PROBLEM REQUIREMENTS:
Copy, word for word, the line containing "Leather Corset Dress" and each line that follows it in the entries below; pictures do not belong in the copy.

AVAILABLE DATA:
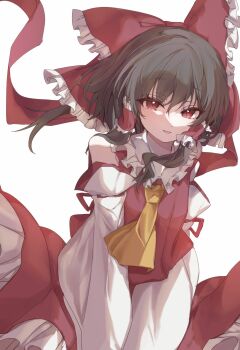 1girl ascot bow brown_hair commentary_request detached_sleeves frilled_bow frilled_hair_tubes frills hair_bow hair_tubes hakurei_reimu hayuk0 highres long_hair open_mouth red_bow red_eyes red_skirt ribbon-trimmed_sleeves ribbon_trim simple_background skirt skirt_set smile solo touhou white_background yellow_ascot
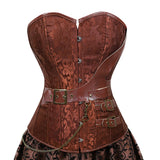 Znbbw Women`s European Steampunk Pirate Costume Women Corset Dress Skirt Lace Up Plus Size Brown Zipper Faux Leather Corset Dress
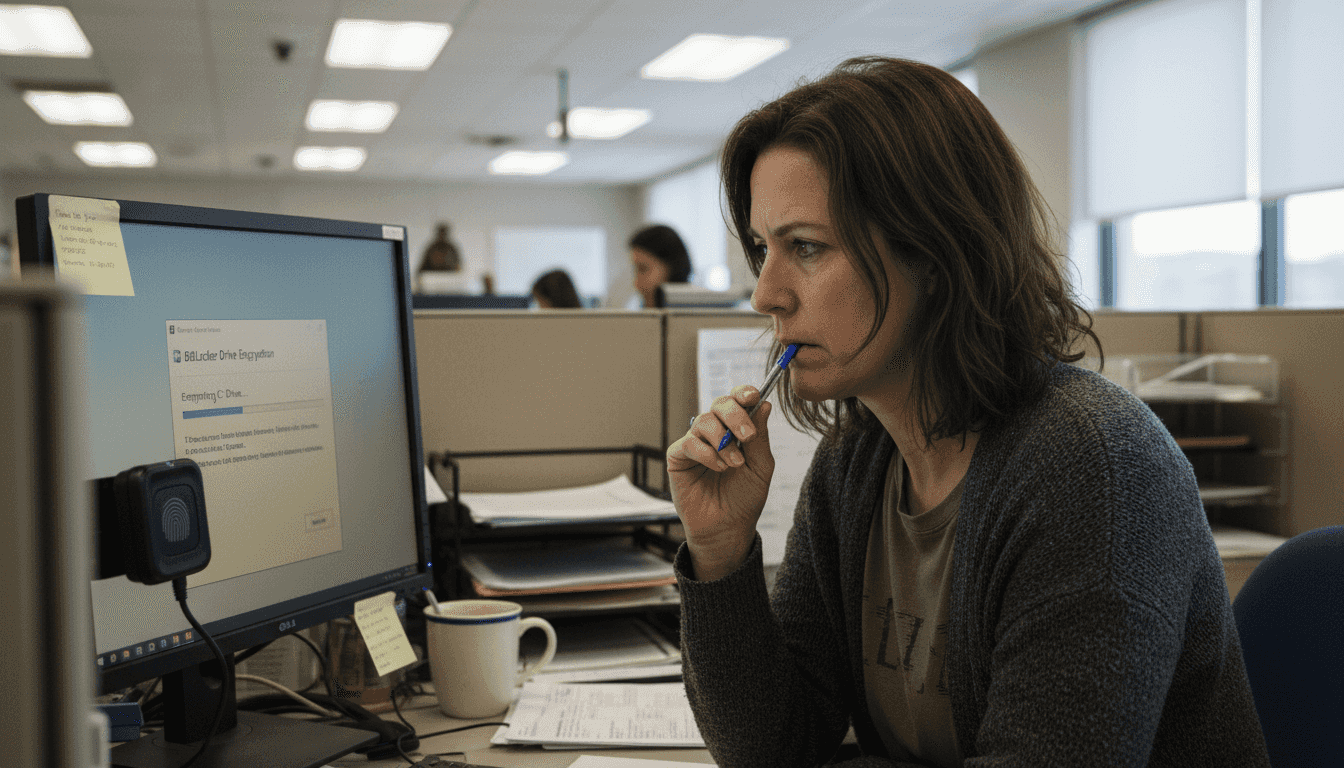 Employee activating BitLocker encryption on PC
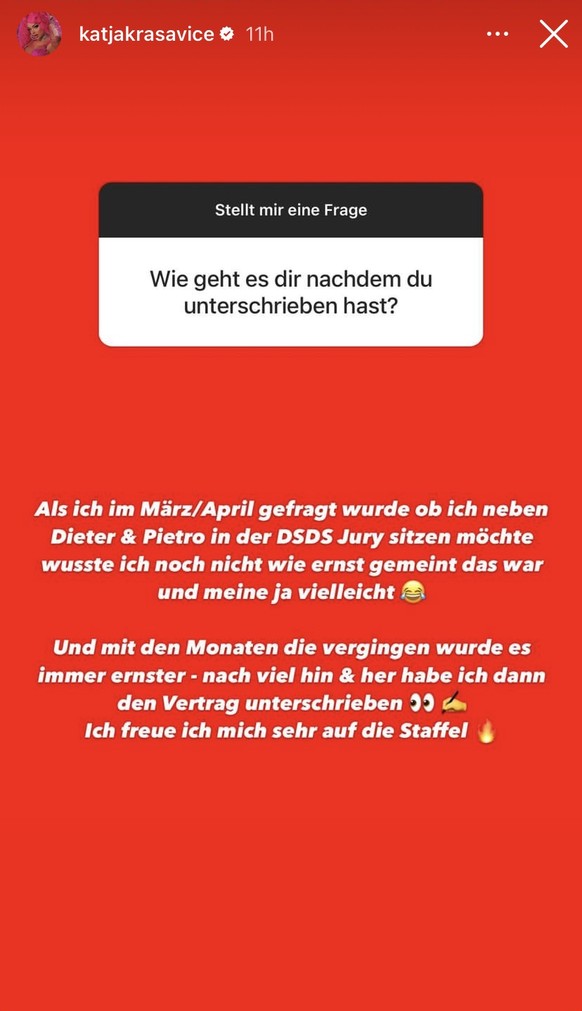 Hier sagt Katja Krasavice, wann sie vom Sender eine Anfrage erhielt.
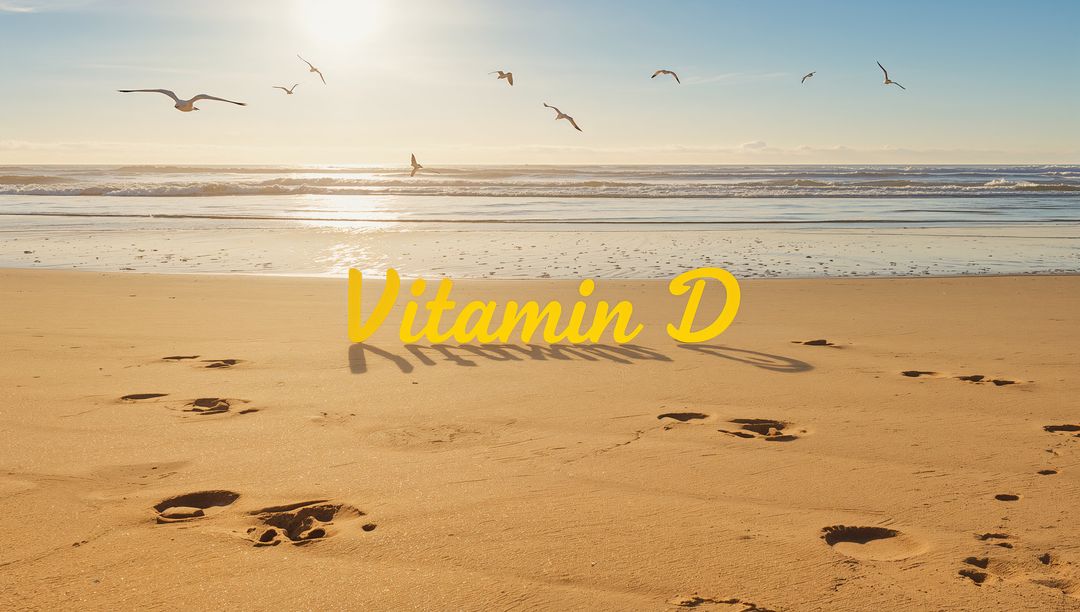 Sunlight bathing sandy beach with footprints, seagulls and bold Vitamin D text overlay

WRITTEN SOLUTION:
 Znbbw Women`s European Steampunk Pirate Costume Women Corset Dress Skirt Lace Up Plus Size Brown Zipper Faux Leather Corset Dress
 Employee activating BitLocker encryption on PC
 Hier sagt Katja Krasavice, wann sie vom Sender eine Anfrage erhielt.
 Sunlight bathing sandy beach with footprints, seagulls and bold Vitamin D text overlay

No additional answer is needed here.